Legal tax optimisation consists of using mechanisms provided by Swiss law to reduce the tax burden of your company and its directors. Unlike tax evasion (illegal), tax optimisation exploits the tools made available by the legislator itself: deductions, structural choices, pension instruments and remuneration policy.
In Switzerland, the tax system offers numerous optimisation possibilities thanks to federalism (intercantonal competition), the coexistence of corporate and personal taxation, and a legal framework favourable to pension planning and investment. At AX-Fiduciaire, we help SMEs and self-employed individuals in French-speaking Switzerland exploit these levers to legally minimise their tax burden.
Optimisation strategies for natural persons (directors and self-employed)
1. Maximise pension contributions
Pension planning is the most powerful and accessible tax optimisation lever in Switzerland. Contributions to the 2nd and 3rd pillars are deductible from taxable income, generating an immediate tax saving.
Pillar 3a (tied individual pension)
The maximum deductible amounts in 2026 are:
| Situation | Maximum amount 2026 | Estimated tax saving* |
|---|---|---|
| Employee with pension fund | CHF 7,056 | CHF 1,500 - 2,800 |
| Self-employed without pension fund | CHF 35,280 (max. 20% of net income) | CHF 7,000 - 14,000 |
* Estimated saving for a taxpayer in Geneva with a marginal rate of 25-40%
Since 2025, it is possible to make catch-up Pillar 3a buyback contributions to fill years where no contribution was made (for years since 2025). This provides an additional lever for taxpayers with gaps.
BVG buybacks (2nd pillar)
Buybacks into the pension fund (BVG/occupational pension) are fully deductible from taxable income. The maximum buyback amount depends on the individual pension gap, calculated by the pension fund. For a director with a high salary, the gap can reach several hundred thousand francs.
Recommended strategy: stagger buybacks over several tax years to maximise the progressivity effect of the tax. A buyback of CHF 30,000 per year over 5 years is more tax-efficient than a single buyback of CHF 150,000.
Points of attention:
- A BVG buyback cannot be withdrawn as capital within 3 years of the payment (legal blocking period)
- The buyback must be made before 31 December of the relevant tax year
- In the case of capital withdrawal at retirement, taxation is separate and progressive: staggering withdrawals over several years reduces the tax
2. Professional expense deductions
Self-employed individuals and, to a lesser extent, employees can deduct numerous professional expenses:
- Home office expenses: proportional share of rent if no office is provided by the employer
- Commuting costs: public transport or mileage allowance (CHF 0.70/km) for the home-to-work journey, capped at CHF 3,000 for DFT
- Meal expenses: flat-rate deduction of CHF 15/day if the workplace is far from home
- Continuing education costs: deductible up to CHF 12,000 per year for DFT (if related to professional activity)

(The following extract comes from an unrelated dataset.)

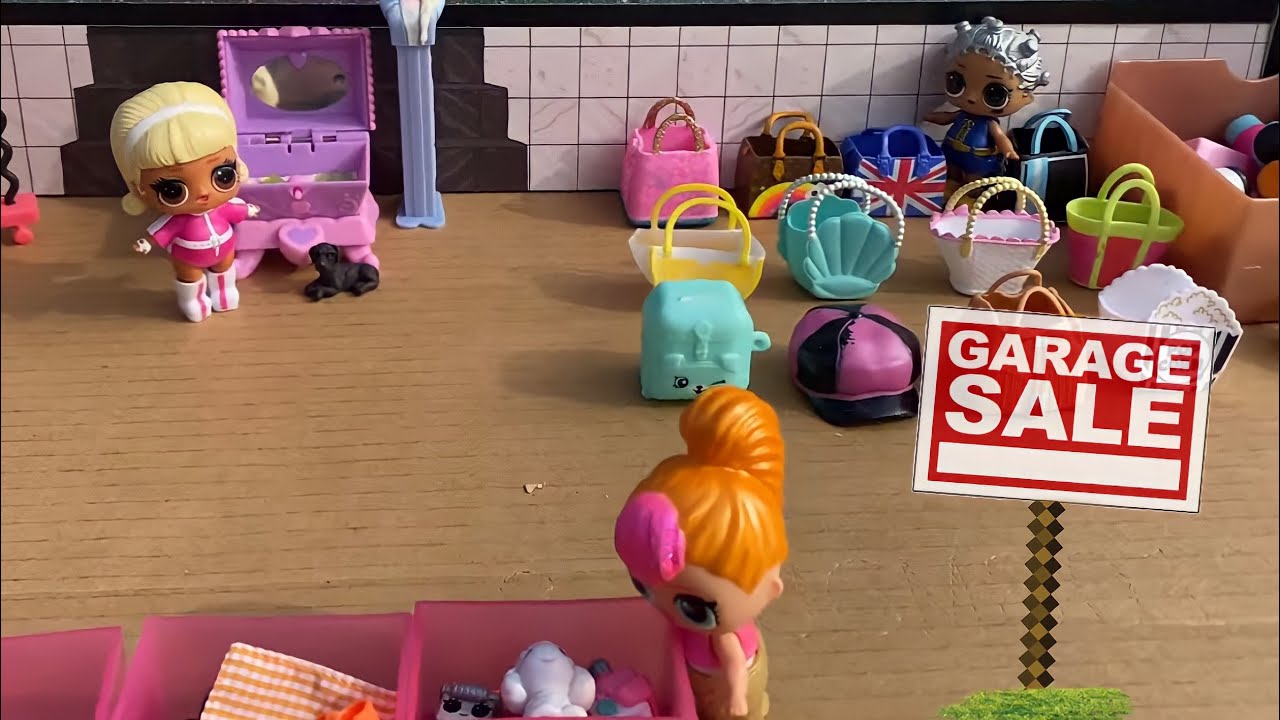 LOL Surprise Dolls Skit | Garage Sale, OMG Dollhouse & Toy Shopping Fun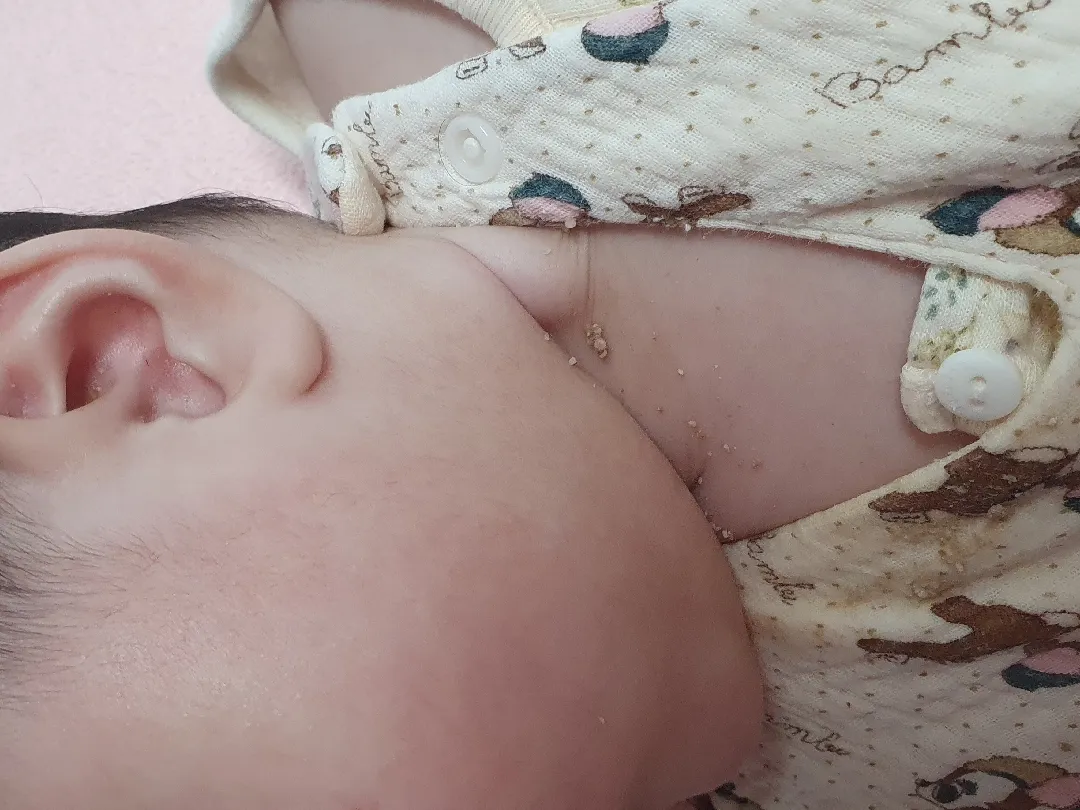 이유식 먹을때 안흘리는 아기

- Professional memberships: contributions to professional associations, unions
3. Timing of income and expenses
The Swiss tax system taxes income from the calendar year. It is sometimes possible to optimise the timing:
- Defer income: invoice in January rather than December to postpone taxation by one year
- Accelerate expenses: make professional purchases or pension buybacks before 31 December
- Low-income year: favour capital withdrawals (BVG, 3a) during years of low income to benefit from lower marginal rates
Optimisation strategies for companies (LLC, corporation)
1. Remuneration policy: salary vs. dividends
For the director-shareholder of an LLC or corporation, the split between salary and dividends is the most significant optimisation lever. Each remuneration method has different tax consequences:
| Criterion | Salary | Dividends |
|---|---|---|
| Deductible for the company | Yes (salary expense) | No (profit distribution) |
| AHV/IV/APG contributions | Yes (10.6% employee + employer) | No |
| Taxation at the beneficiary level | 100% of the amount | Partial taxation (50-70% depending on canton) |
| BVG/pension | Mandatory contributions and buybacks possible | No contributions |
| Corporate income tax | Reduced (salary = expense) | Increased (dividend paid from after-tax profit) |
As a general rule, a salary sufficient to cover current needs and fund pension contributions, combined with a dividend distribution for the surplus, constitutes the optimum. The exact equilibrium point depends on the director's marginal rate, canton of residence, profit amount and family situation. A personalised simulation is essential.
Example figures for a director in Geneva with an available profit of CHF 200,000:
| Scenario | Total taxes (company + individual) | Net available |
|---|---|---|
| 100% salary | ~ CHF 72,000 | ~ CHF 128,000 |
| 100% dividends | ~ CHF 64,000 | ~ CHF 136,000 |
| Optimal mix (120,000 salary + 80,000 dividends) | ~ CHF 58,000 | ~ CHF 142,000 |
In this example, the optimal mix represents a saving of CHF 14,000 per year compared to the 100% salary scenario. Actual amounts depend on numerous individual factors.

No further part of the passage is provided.